Daarom vraagt het veel nederigheid, veel zelfonderzoek en veel gebed om de zaken goed te onderscheiden, een heldere visie te ontwikkelen, en die vervolgens duidelijk, bescheiden en liefdevol naar voren te brengen. Zonder meteen te roepen dat je voor Gods zaak strijdt (waarbij je je tegenstander dus aan de kant van de duivel neerzet).
Als het om conflicten gaat, is een realistisch mensbeeld op z’n plaats, en op dat punt heeft de gereformeerde theologie veel te bieden. Christenen hoeven niet te menen dat ze ooit volmaakte mensen zullen worden: levenslang zijn ook gelovigen geneigd tot alle kwaad. Misschien wel juist in kerkelijke conflicten. Als je daarbij stilstaat, besef je dat je alleen door genade in staat bent om te doen wat volgens de Bijbel van alle mensen wordt gevraagd: eerlijk zijn over jezelf, geen kwaad met kwaad vergelden, je naaste liefhebben, anderen vergeven. Dat helpt om een nederige houding te ontwikkelen, ook tijdens conflicten. Want met jezelf alleen wordt het nooit wat.

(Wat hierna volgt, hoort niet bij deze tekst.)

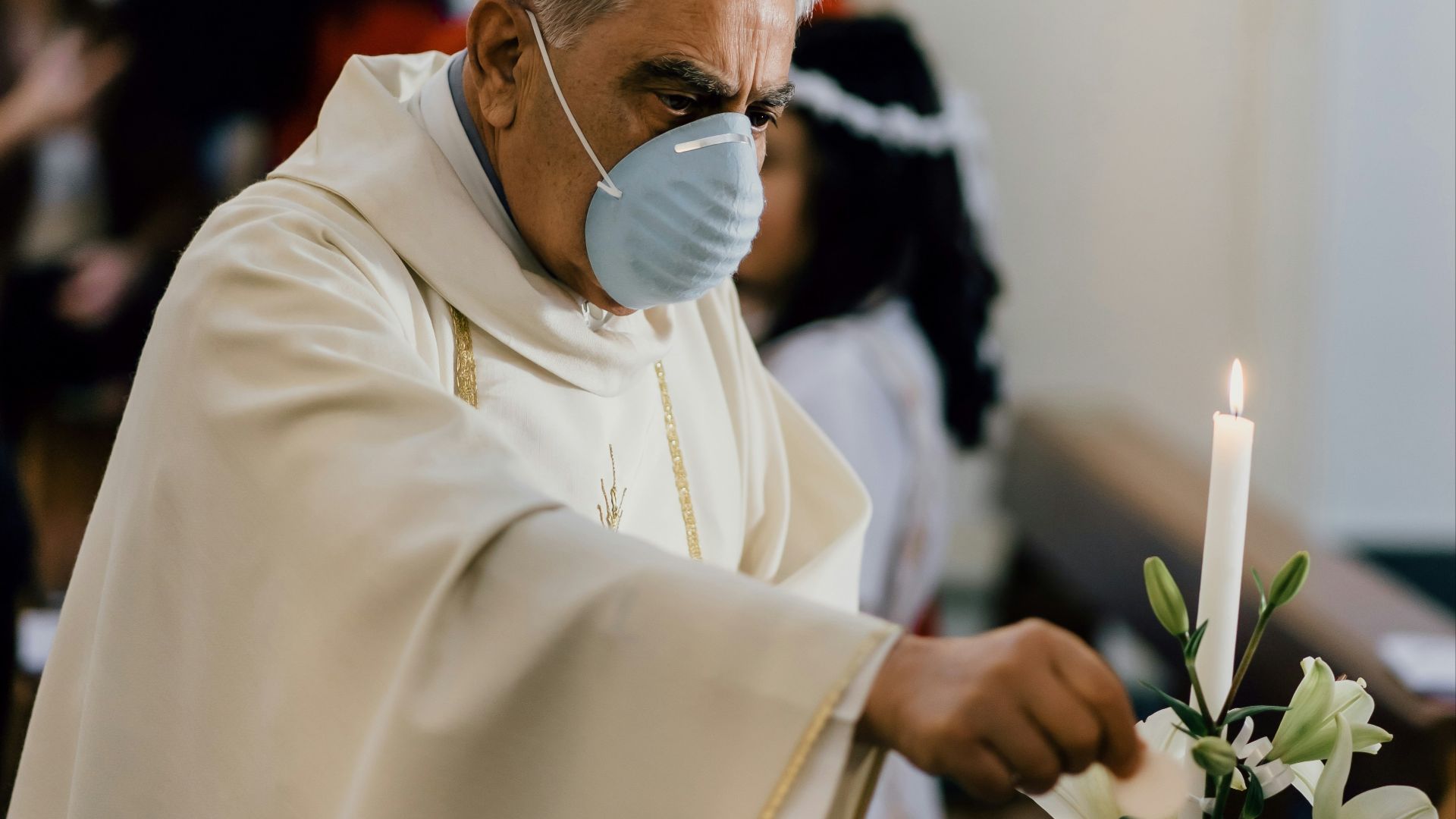 man in white dress shirt holding white flower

Klaas en Margriet: echtelijke ruzie
Margriet: „Moet je nou vanavond alwéér weg?”
Klaas: „Ja.”
Margriet: „Ik begin het goed zat te worden.”
Klaas: „Ja.”
Margriet: „Zo gaat het nou altijd, kun je niet even normaal op me reageren?”
Klaas: „Zodra jij een normale vraag stelt wel.”
Margriet: „Waarom moet je nou vanavond alwéér weg?”
Klaas: „Daar hebben we het toch eerder over gehad. Ik ben voor die werkgroep gevraagd, ik heb ja gezegd, dan ga ik dus ook naar de vergaderingen.”
Margriet: „Jouw probleem is dat je overal ja op zegt!”
Klaas: „Nee, dat is niet mijn probleem, dat is jóúw probleem!”
Margriet: „Je hoeft niet zo tegen me te schreeuwen!”
Klaas: „Nou wordt-ie mooi, ik schreeuw helemaal niet, jij schreeuwt zelf!”
Margriet: „Ik schreeuw niet, ik probeer alleen maar tot jou door te dringen!”
Klaas: „Ik ben er he-le-maal klaar mee.”
(loopt weg en smijt de deur met een dreun dicht)
Esther en Hans: ruzie op het werk
Hans: „Ik vond het nogal heftig, wat je me stuurde.”
Esther: „Heftig, hoezo?”
Hans: „Nou, zoveel commentaar op mijn voorstel. Kun je dat niet gewoon even komen bespreken?”
Esther: „Dat is toch helemaal niet handig, ik kan het toch veel beter op papier zetten, dan kun je precies zien wat ik bedoel.”
Hans: „Het valt me gewoon rauw op het dak. En ik heb er heel veel moeite mee dat je dat meteen cc aan Piet en Erik stuurt.”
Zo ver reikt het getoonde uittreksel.